Full Disclosure mailing list archives

Re: Should nmap cause a DoS on cisco routers?


From: Fyodor <fyodor () insecure org>
Date: Tue, 6 Jul 2010 23:15:52 -0700

On Thu, Jul 01, 2010 at 08:01:26PM -0400, Dan Kaminsky wrote:
Permanent DoS's are unacceptable even from intentionally malicious  
traffic, let alone a few nmap flags.

Hi Dan.  I Agree, and this wasn't even a very intense Nmap scan (see
Brandon Enright's summary at
http://seclists.org/pen-test/2010/Jun/68).

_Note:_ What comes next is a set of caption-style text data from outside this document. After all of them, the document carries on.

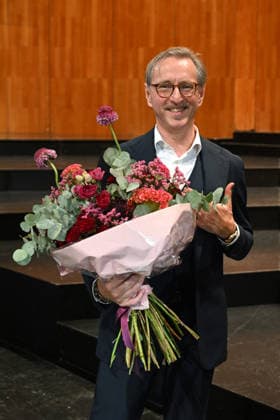 Pressekonferenz zur Vorstellung des designierten Intendanten der Salzburger Festpiele im Grossen festspielhaus in Salzburg, fotografiert am 18.09.26. Das Bild zeigt den designierten Intendanten (ab 1.1.2027) der Salzburger Festspiele, den Belgier Peter de Caluwe mit Blumenstrauß 2026 - Pressekonferenz zur Vorstellung des designierten Intendanten der Salzburger Festpiele im Grossen festspielhaus in Salzburg, am 18.09.26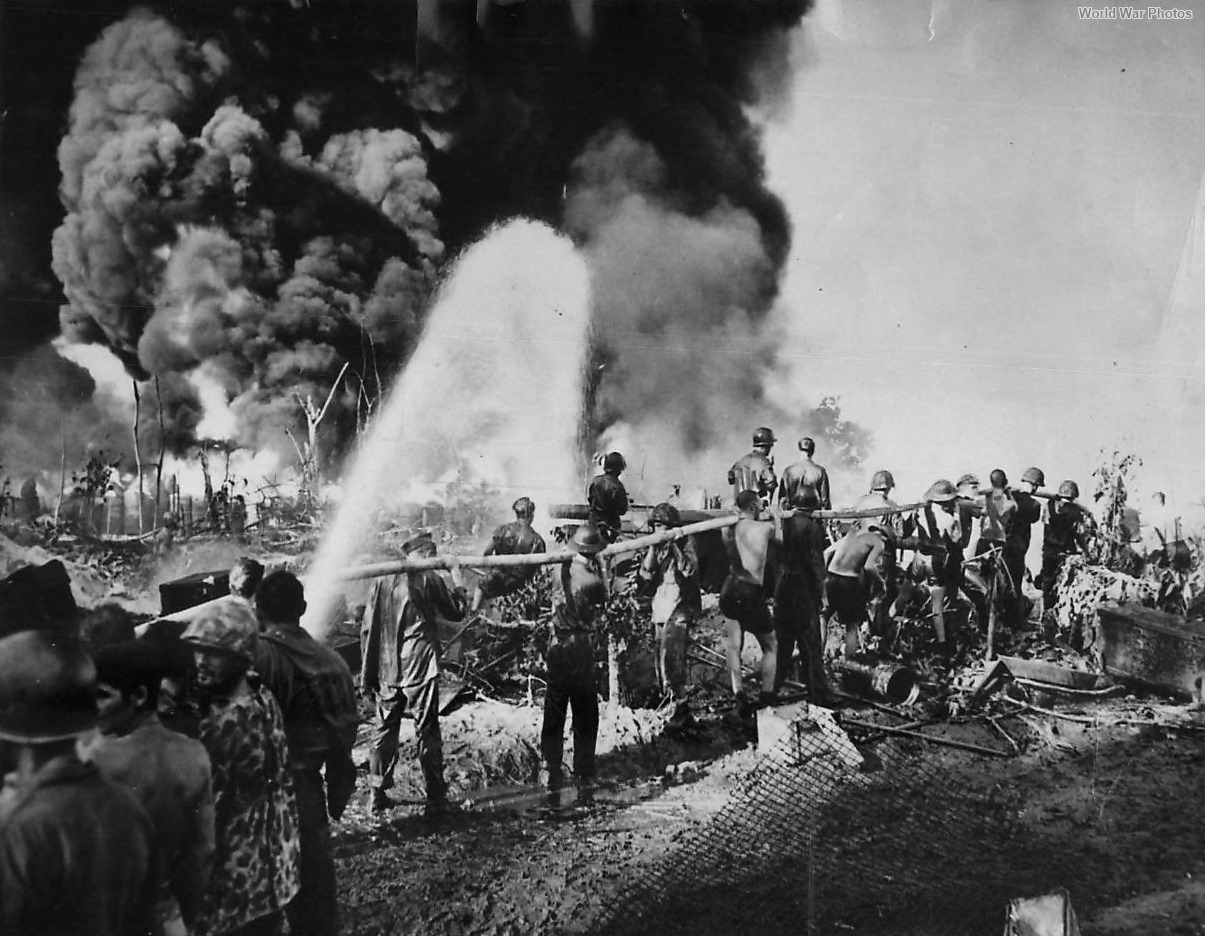 Marines Sailors fight flames as oil dump burns on Bougainville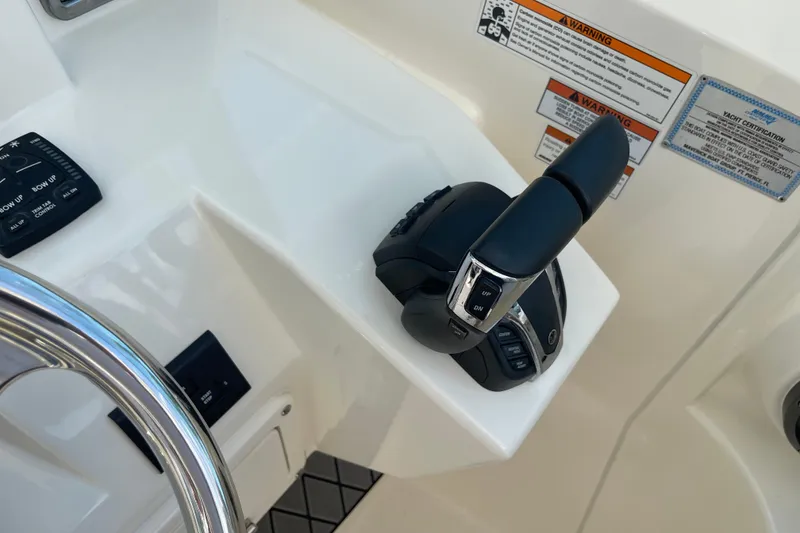Slide: The Image of Throttle control and steering wheel of 2023 Cobia 280 Dual Console boat. - 38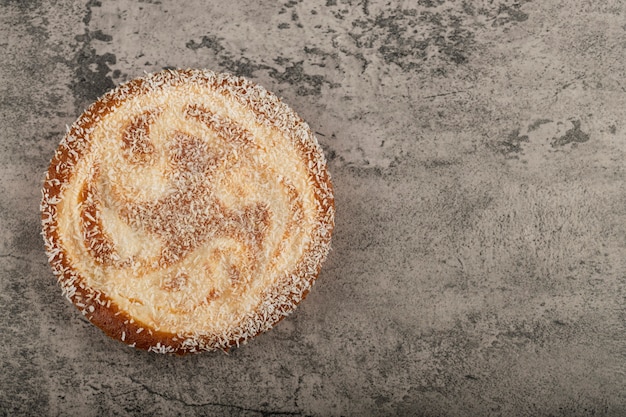 Delicious pie decorated with coconut sprinkles on stone table.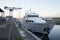 Shipbuilding crane and luxury boat at marina moored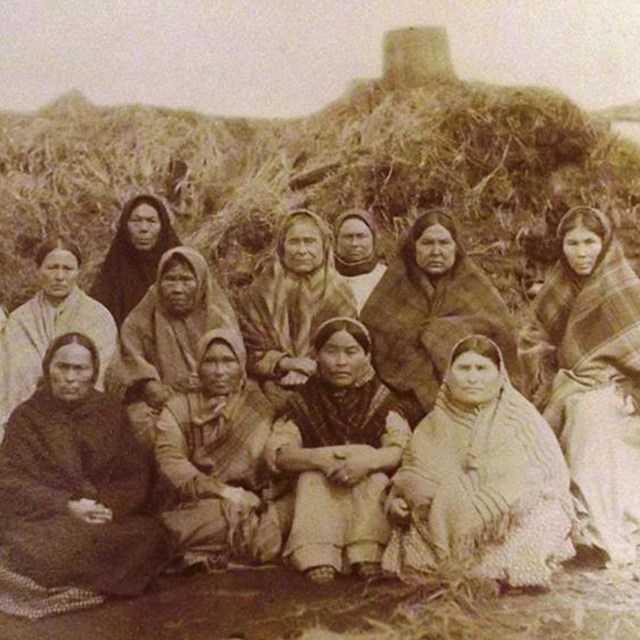 Group of women infront of semisubterranian dwelling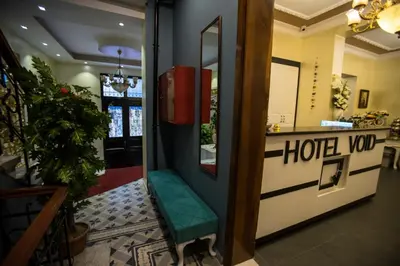 a door to a hotel room with a green bench at The Void Hotel in Istanbul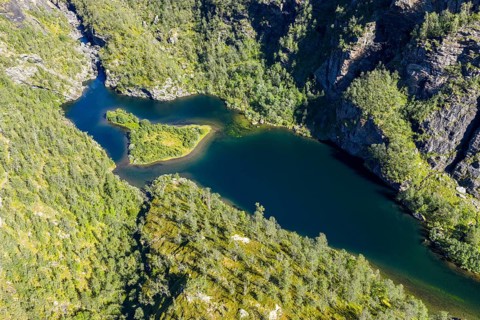 Aerial view of an island in a turquoise colored river surrounded by birch forest, valley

I will grant you that network  
isolation is indeed best practice, but broken code is not something to  
apologize for or mitigate against.  It's something to apply real  
pressure against.  If we can't get pissed, how is that QA guy supposed  
to block shipment?

Absolutely!  And while people are in a mood to pressure vendors of
crappy networking devices, please talk to Hewlett-Packard!  Out of all
the devices, operating systems, ports, and protocols out there, only
one is so fragile and insecure that we had to exclude it from Nmap
version detection by default.  That is HP JetDirect (TCP ports
9100-9107).  No matter what random crap you spew at the port, it will
generally either crash the machine or start spewing out paper.  When
Nmap version detection was first released 7 years ago, we had so much
immediate feedback about HP printer problems that we "temporarily"
blocked those ports by default to give HP a chance to fix the
problems.  We're still waiting for that to happen!  The HP printer I
bought this year still goes haywire and starts beeping and spewing
paper if I enable the HP JD ports by scanning it with 
"nmap -A --allports hostname".

We even tried to understand the protocol and wrote a cute little Nmap
NSE script to set an HP printer's status message (to things like
"insert 25 cents", heh).  Even that simple program, which didn't
require any authentication, crashed HP printers so often that we
abandoned development.

Pardon my mini-rant, but I agree completely that network device makers
such as HP need to start showing some resiliency.  If Nmap can crash
them by accident, how can they be expected to hold up to real attacks?